Replacing Chandor (who remains a producer) is Peter Berg, a director whose movies receive shrugs and variations of the phrase, “It's fine,” more often than not. It doesn't help that leading man Mark Wahlberg hasn't done much worthwhile since his supporting role in The Departed a decade ago. Anything can happen, of course, but this one arrives with a sense of “what could have been.”

Masterminds
Director: Jared Hess
Writers: Chris Bowman, Hubbel Palmer, Emily Spivey
Starring: Kate McKinnon, Kristen Wiig, Jason Sudeikis, Zach Galifianakis, Owen Wilson



When I was in high school a little movie called Napolean Dynamite hit theaters. It was low key and featured now-iconic images of off-kilter clothing and people from a small Midwestern town. All of my friends loved it and I saw it six times in about a two-month span. Problem was, I didn't like it the first time. By round three or four, I wanted to strangle every one of my friends. By the sixth go ‘round, I thought I was being punished for committing genocide in a former life.

And now Napolean Dynamite director Jared Hess has a new movie. I know deep in my bones this is a terrible thing to think, but I might be a little excited for Masterminds. The cast, which includes Kristen Wiig and Zach Galifianakis as a pair of losers who plan a bank heist. Joining them are Wiig’s fellow new Ghostbusters, Leslie Jones and Kate McKinnon. It's a promising cast and a fine premise. But Hess, though. Hess...

Miss Peregrine’s Home for Peculiar Children
Director: Tim Burton
Writer: Jane Goldman
Starring: Eva Green, Asa Butterfield, Samuel L. Jackson, Judi Dench



Tim Burton returns this weekend with another story about misfits with weird, gothic affectations.

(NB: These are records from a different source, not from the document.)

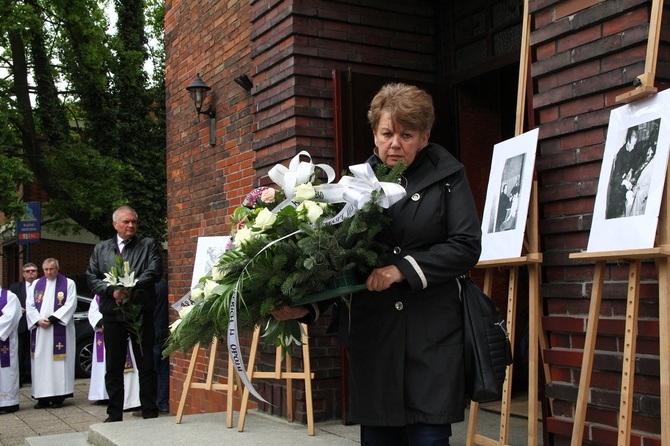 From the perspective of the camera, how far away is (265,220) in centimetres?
302

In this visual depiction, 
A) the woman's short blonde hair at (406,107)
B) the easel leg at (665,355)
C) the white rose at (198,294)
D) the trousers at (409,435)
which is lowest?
the trousers at (409,435)

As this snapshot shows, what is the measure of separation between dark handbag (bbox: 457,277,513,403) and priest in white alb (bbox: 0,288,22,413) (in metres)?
8.73

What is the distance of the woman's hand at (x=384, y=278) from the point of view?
292 cm

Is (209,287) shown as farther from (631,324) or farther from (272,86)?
(272,86)

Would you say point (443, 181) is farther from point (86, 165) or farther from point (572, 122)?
point (86, 165)

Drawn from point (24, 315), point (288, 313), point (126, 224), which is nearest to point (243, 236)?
point (288, 313)

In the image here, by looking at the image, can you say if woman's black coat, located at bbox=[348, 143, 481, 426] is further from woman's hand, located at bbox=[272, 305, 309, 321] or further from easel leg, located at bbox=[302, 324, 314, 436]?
easel leg, located at bbox=[302, 324, 314, 436]

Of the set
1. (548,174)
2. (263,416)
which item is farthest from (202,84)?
(548,174)

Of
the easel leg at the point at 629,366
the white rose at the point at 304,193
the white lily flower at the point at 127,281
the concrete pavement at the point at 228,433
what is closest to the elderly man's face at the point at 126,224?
the white lily flower at the point at 127,281

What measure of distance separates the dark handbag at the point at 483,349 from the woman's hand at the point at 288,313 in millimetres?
663

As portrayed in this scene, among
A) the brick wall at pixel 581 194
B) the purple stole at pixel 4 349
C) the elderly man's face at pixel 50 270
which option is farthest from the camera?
the elderly man's face at pixel 50 270

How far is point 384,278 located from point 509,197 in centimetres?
156

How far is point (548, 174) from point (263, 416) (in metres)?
3.42

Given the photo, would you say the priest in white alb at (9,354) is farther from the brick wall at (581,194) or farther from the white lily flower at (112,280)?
the brick wall at (581,194) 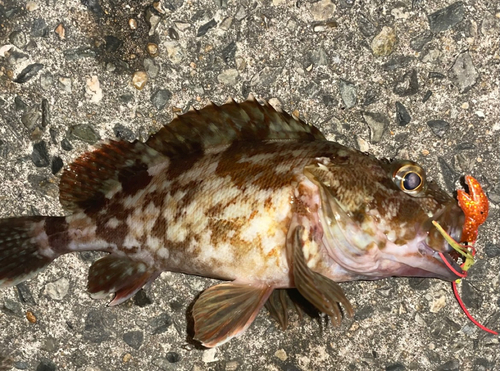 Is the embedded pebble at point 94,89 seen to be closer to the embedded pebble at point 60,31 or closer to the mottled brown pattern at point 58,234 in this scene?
the embedded pebble at point 60,31

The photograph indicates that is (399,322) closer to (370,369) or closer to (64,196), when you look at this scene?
(370,369)

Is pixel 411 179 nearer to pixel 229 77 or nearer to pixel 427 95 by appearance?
pixel 427 95

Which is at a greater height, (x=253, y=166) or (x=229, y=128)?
(x=229, y=128)

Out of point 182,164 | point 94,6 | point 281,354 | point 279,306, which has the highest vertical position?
point 94,6

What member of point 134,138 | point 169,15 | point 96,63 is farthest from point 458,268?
point 96,63

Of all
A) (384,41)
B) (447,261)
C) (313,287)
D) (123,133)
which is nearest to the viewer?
(313,287)

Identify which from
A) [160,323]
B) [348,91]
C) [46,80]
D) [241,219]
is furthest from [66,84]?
[348,91]

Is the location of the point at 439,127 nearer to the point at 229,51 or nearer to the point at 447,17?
the point at 447,17

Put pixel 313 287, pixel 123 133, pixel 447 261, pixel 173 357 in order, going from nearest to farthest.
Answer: pixel 313 287 → pixel 447 261 → pixel 123 133 → pixel 173 357

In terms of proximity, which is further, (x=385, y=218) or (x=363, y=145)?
(x=363, y=145) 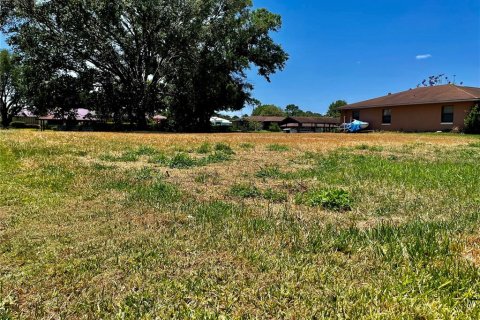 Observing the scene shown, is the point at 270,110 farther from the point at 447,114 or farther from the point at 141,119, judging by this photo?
the point at 141,119

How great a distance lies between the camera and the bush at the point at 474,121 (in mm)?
27070

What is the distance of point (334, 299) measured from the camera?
84.9 inches

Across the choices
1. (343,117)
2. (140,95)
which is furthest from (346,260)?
(343,117)

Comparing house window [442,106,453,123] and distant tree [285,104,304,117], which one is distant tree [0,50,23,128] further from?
distant tree [285,104,304,117]

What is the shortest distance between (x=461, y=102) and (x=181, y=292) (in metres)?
32.7

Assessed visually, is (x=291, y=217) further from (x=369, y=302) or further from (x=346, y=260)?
(x=369, y=302)

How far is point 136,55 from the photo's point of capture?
30969 millimetres

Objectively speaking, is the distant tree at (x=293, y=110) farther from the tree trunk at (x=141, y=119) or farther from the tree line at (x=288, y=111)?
the tree trunk at (x=141, y=119)

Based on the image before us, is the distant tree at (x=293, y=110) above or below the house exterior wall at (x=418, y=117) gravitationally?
above

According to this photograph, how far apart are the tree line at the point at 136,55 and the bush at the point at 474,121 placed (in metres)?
18.2

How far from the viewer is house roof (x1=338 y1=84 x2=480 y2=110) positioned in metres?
29.6

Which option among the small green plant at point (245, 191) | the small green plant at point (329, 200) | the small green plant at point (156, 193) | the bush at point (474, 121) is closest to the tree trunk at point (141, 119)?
the bush at point (474, 121)

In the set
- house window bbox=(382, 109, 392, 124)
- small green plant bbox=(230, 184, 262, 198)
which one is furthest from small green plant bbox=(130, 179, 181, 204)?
house window bbox=(382, 109, 392, 124)

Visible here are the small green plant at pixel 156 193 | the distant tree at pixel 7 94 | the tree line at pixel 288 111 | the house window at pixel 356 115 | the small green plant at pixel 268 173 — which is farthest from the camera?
the tree line at pixel 288 111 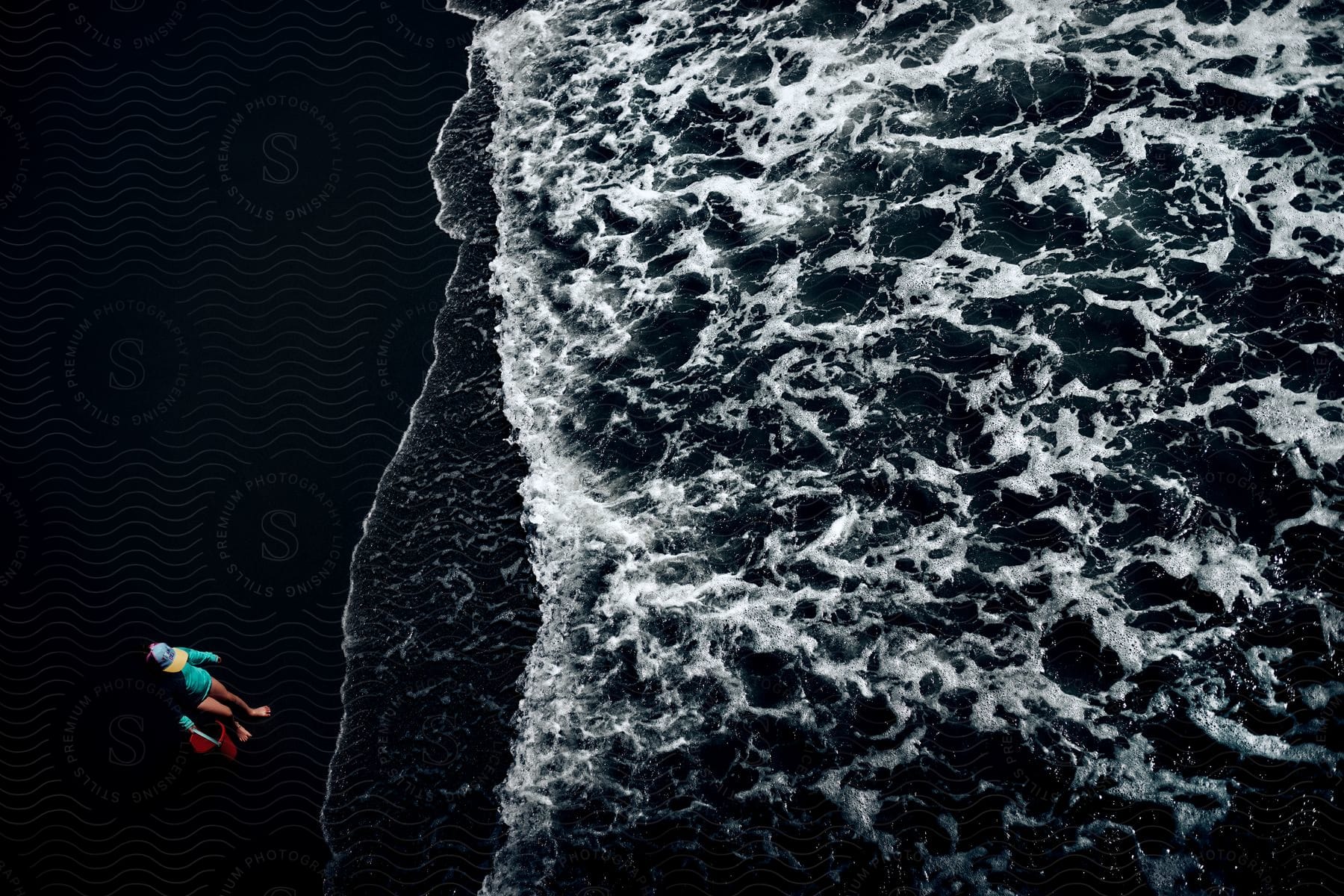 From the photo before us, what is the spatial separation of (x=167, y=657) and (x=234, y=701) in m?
0.69

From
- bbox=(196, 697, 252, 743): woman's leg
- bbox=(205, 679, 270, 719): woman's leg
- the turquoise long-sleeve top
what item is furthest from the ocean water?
the turquoise long-sleeve top

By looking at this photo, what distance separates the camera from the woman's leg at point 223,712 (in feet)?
22.3

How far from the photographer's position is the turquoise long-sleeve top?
21.9 feet

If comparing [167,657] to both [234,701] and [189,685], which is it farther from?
[234,701]

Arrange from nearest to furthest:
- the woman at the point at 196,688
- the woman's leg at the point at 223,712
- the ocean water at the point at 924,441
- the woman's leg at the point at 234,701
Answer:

This time, though, he riffs on classic X-Men comics with a tale about a school of “special” adolescents who must band together to overcome a society that theoretically hates and fears them.

Joining Burton are Eva Green (Casino Royale) and Asa Butterfield (Hugo), a pair of eerie screen presences. This could very well end up as paint-by-numbers Burton, but with Johnny Depp nowhere to be seen, there might be some room for this film to achieve freshness.